Interestingly, only last year the Association came up with a decision that seems to have woken up many to the realization that education has been neglected. As a result, a fund to manage contributions to that effect was established. Since then, sons and daughters of the land have continued to make contributions to this dedicated account for the purpose of encouraging and assisting students and the Ngas people generally.

Whatever has been collected cannot be sufficient. There are hundreds of thousands of indigent students desiring assistance to get themselves through their academics. While some could get to the other side, many more have to be assisted. Such is the kind that they need from the Ngas Development Association; and it could come in handy from this initiative.

The leaders of the Association are aware that for them to be engaged in education can be tasking, as it requires them to avoid yesterday’s pitfalls. What is needed is for everyone involved to be sincere; so that it can be successful. The future belongs to those who value the direction education has taken nations through; the Ngas people have not less been blessed through it over the years. It is little wonder that is receiving a boost having noticed that something has to be done to up the ante and return the land to the days of glory; that we all year for.

Realizing that the economy of the Ngas people deserves to be encouraged and elevated to an appreciable level, one of the ways to stimulate it is through ideas which would be generated in a roundtable meeting.
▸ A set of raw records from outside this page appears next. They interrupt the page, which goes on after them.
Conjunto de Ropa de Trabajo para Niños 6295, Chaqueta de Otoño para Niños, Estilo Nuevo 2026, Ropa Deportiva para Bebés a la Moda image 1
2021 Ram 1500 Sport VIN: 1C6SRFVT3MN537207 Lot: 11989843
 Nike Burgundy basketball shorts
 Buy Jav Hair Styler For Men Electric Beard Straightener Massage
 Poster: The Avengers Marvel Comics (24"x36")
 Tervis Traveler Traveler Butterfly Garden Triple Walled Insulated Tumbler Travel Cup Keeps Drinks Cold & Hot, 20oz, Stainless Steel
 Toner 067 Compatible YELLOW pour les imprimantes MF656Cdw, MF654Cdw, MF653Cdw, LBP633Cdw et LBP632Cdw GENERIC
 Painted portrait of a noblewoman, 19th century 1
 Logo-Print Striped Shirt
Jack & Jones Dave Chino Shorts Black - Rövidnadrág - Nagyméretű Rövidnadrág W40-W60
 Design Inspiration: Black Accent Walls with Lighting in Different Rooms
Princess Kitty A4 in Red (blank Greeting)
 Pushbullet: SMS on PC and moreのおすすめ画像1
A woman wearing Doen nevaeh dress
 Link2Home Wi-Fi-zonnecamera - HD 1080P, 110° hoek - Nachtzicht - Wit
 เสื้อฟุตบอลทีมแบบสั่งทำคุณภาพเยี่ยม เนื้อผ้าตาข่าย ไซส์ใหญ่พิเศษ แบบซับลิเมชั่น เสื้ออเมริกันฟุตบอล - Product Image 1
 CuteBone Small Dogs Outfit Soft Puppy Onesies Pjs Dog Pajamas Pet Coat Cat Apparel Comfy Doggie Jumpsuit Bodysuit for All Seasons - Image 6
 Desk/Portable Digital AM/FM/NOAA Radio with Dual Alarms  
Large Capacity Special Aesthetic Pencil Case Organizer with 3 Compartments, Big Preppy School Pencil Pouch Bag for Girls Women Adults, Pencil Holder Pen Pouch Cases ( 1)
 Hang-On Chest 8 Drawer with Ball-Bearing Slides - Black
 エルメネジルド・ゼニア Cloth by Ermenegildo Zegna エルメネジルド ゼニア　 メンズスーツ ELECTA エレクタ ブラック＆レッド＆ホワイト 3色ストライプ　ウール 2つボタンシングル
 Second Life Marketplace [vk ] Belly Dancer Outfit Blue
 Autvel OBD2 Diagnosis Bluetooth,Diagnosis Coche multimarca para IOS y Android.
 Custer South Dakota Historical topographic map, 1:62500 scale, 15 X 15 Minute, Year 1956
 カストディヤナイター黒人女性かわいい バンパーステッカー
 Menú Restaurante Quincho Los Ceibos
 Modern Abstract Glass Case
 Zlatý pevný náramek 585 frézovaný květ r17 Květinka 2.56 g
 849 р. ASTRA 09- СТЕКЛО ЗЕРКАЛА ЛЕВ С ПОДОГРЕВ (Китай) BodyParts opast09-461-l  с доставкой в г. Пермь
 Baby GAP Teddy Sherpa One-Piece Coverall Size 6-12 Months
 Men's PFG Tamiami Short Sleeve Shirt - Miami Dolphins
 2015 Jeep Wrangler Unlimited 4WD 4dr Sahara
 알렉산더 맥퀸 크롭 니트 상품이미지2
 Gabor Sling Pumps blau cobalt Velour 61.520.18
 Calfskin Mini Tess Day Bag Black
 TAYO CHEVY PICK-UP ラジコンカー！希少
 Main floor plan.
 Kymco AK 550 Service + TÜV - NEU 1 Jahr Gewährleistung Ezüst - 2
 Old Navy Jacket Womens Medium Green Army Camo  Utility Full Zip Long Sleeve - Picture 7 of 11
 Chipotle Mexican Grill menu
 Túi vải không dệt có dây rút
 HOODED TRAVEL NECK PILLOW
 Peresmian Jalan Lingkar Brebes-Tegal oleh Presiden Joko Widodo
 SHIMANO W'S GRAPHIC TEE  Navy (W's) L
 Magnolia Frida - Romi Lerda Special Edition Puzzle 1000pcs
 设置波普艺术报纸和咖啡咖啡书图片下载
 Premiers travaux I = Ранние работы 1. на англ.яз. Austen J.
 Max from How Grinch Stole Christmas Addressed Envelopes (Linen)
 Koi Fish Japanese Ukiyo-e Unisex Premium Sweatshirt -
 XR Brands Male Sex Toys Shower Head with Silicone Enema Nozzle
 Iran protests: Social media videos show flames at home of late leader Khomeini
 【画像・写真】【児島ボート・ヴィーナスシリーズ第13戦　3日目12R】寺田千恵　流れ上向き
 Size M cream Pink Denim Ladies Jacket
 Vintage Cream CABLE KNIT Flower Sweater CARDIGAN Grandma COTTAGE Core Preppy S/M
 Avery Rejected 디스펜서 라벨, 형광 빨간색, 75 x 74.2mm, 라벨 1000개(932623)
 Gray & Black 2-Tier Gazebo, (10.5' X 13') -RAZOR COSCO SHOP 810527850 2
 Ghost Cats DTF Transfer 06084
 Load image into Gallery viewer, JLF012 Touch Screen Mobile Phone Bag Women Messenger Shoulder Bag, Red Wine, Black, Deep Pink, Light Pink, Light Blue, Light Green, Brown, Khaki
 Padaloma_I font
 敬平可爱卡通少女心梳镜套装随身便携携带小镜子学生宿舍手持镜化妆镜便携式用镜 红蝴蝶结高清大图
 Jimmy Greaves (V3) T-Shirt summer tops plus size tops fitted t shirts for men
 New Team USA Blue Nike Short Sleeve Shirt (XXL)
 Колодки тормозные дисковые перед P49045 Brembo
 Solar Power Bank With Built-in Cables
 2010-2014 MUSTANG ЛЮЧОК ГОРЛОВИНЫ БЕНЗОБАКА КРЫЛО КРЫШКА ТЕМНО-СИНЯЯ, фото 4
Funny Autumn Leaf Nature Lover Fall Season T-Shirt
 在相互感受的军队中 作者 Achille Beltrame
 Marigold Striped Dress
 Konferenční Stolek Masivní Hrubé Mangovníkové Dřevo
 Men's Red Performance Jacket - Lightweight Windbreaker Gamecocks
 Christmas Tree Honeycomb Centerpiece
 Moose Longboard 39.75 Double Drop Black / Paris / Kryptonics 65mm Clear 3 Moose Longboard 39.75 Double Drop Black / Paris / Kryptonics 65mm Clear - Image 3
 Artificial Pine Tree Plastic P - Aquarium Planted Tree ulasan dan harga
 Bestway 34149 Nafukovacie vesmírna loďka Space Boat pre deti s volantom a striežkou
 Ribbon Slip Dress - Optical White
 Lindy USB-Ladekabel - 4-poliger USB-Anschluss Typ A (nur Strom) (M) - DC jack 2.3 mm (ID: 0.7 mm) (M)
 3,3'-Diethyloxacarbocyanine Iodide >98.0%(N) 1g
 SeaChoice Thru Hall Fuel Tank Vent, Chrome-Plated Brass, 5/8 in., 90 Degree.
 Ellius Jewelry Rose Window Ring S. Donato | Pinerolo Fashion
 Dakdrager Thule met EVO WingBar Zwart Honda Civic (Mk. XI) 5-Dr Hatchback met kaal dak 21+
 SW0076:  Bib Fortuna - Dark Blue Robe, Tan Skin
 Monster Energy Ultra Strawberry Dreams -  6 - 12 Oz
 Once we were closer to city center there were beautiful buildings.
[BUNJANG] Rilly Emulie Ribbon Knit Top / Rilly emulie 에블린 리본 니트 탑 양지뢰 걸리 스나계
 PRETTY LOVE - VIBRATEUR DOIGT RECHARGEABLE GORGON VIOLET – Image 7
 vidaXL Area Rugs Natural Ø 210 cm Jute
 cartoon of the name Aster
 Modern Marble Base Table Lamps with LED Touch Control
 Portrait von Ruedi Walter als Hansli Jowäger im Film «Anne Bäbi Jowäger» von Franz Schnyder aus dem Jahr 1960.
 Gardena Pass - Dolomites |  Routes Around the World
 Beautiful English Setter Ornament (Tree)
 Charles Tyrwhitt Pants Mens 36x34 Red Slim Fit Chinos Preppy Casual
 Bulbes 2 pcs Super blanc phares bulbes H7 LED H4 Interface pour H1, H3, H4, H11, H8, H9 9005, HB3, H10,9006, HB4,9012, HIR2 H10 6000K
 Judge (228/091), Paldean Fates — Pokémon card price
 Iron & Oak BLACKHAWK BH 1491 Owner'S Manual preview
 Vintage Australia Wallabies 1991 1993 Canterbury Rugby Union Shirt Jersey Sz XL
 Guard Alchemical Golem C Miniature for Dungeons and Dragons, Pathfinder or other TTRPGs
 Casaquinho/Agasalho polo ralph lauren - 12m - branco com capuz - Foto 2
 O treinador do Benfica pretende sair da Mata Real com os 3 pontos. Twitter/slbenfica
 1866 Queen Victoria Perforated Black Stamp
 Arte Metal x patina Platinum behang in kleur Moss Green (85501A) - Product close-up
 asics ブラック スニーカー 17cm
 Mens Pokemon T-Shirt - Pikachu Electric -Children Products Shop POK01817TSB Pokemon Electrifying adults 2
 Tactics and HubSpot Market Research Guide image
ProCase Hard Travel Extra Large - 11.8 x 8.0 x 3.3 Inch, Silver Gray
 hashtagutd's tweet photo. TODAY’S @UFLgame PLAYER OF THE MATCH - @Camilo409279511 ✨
Expectedly, the plans are in top gear, given the importance the Association attaches to its success.

A day out of the Ngas Week, according to the chairman of the Ngas Investment/Economic Roundtable meeting, Nde Ezekiel Gomos would ‘be devoted to the issue of economy of Ngasland, today and the future within the context of the national and global perspective’.

The theme, The Economy of Ngasland- What Next? will be discussed by the myriads of ‘relevant professionals and experts in the business and economic areas’, which ‘idea is to ex-ray the economy of Ngasland, its endowments and potentials, and what needs to be done to address issues like women youth empowerment, agriculture, industry, commerce etc

Apart from an ‘exhibition showcasing goods, arts, crafts, products etc produced by Ngas entrepreneurs at home and beyond, a competition among Ngas entrepreneurs-especially women and youth to pitch their unique business ideas/innovations or proposals from which the best three will be awarded prizes’ are all part of the programme.

The committee is of the view ‘that like many parts of Plateau State, there is a serious lack of data and statistics on the economy of Ngasland, and this poses a challenge for planning and economic intervention’. In the course of the roundtable an opportunity would be provided ‘to develop relevant statistics and data about the economy of Ngas land’. Much more, ‘developing a framework or model for the Ngas nation is a process that will commence with the Business Roundtable’.

The Central Planning Committee, which is headed by no less a personality than Nde David Shikfu Paradang and the other sub-committees have been working assiduously to ensure that the best is achieved during the festival.

Indeed, it is the best that is in the offing, given the determination of the leadership of the Association.

Katdapba Gobum is a Trustee member of the Nigeria Union of Journalists (National), a former Plateau State NUJ Chairman and the Editor-in-Chief, Nigerian Standards Newspaper, Jos, Plateau State.